- _Try it_:
Each word in the data below should be copied exactly; the images should not.

- _Data segment_:
[Start of section]

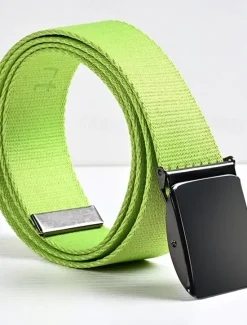 New OUKU Men's Tactical Belt Canvas Belt Black White Canvas Plain Daily Wear Going out Weekend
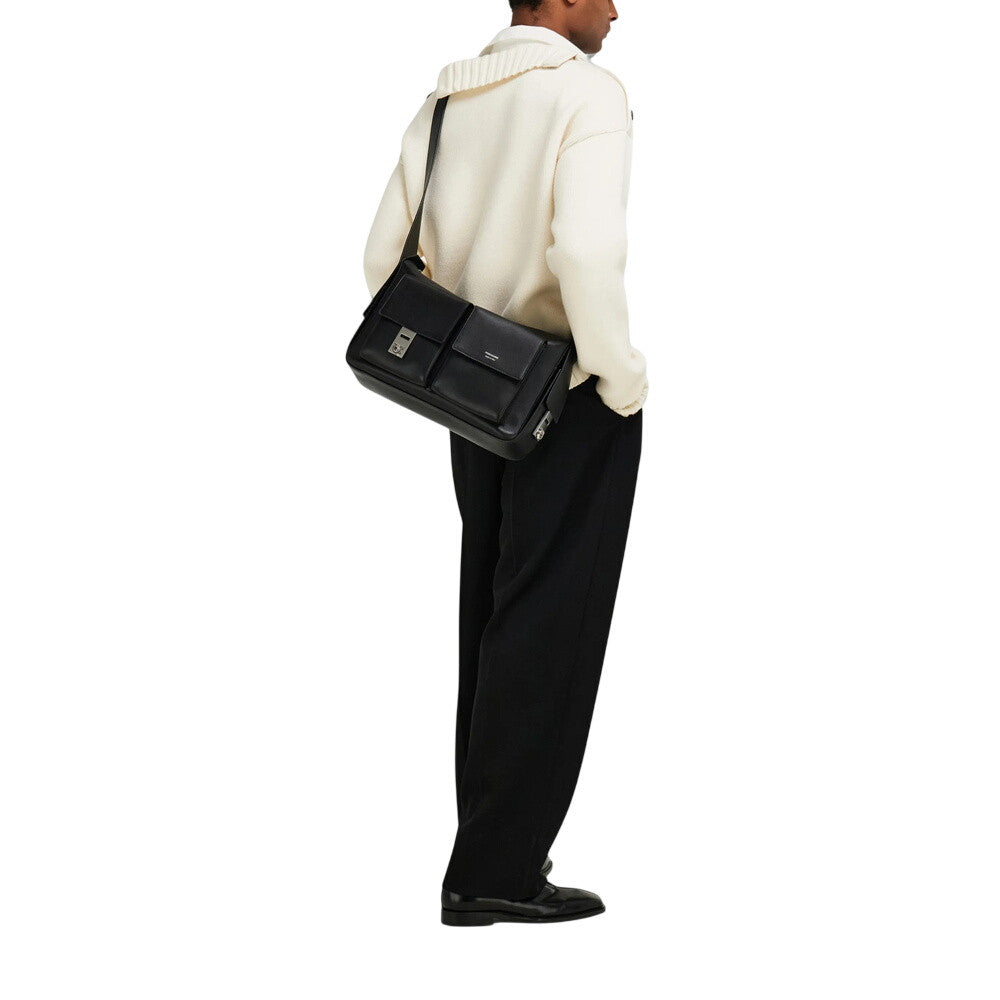Black Utility Large Messenger Bag 5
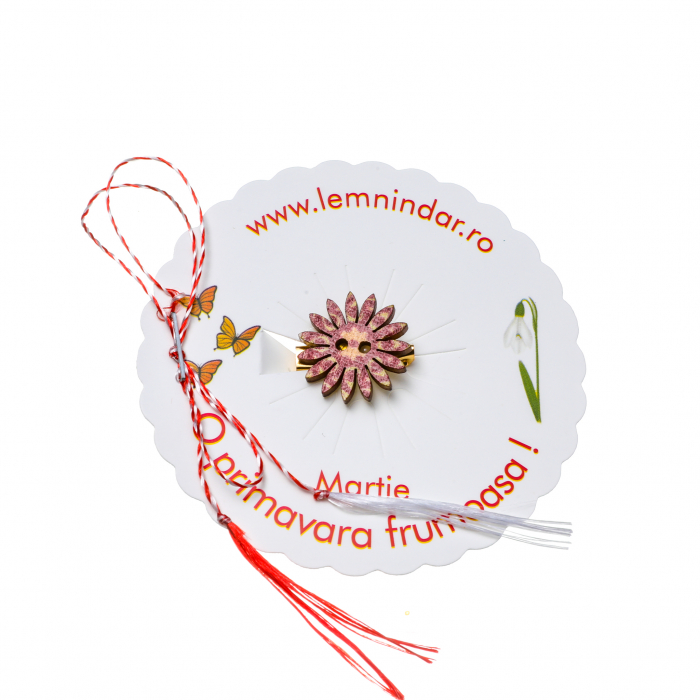 Martisor-brosa cu o floare retro in stil boem bordo cu portocaliu [2]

[End of section]

- _Result_:
 New OUKU Men's Tactical Belt Canvas Belt Black White Canvas Plain Daily Wear Going out Weekend
Black Utility Large Messenger Bag 5
 Martisor-brosa cu o floare retro in stil boem bordo cu portocaliu [2]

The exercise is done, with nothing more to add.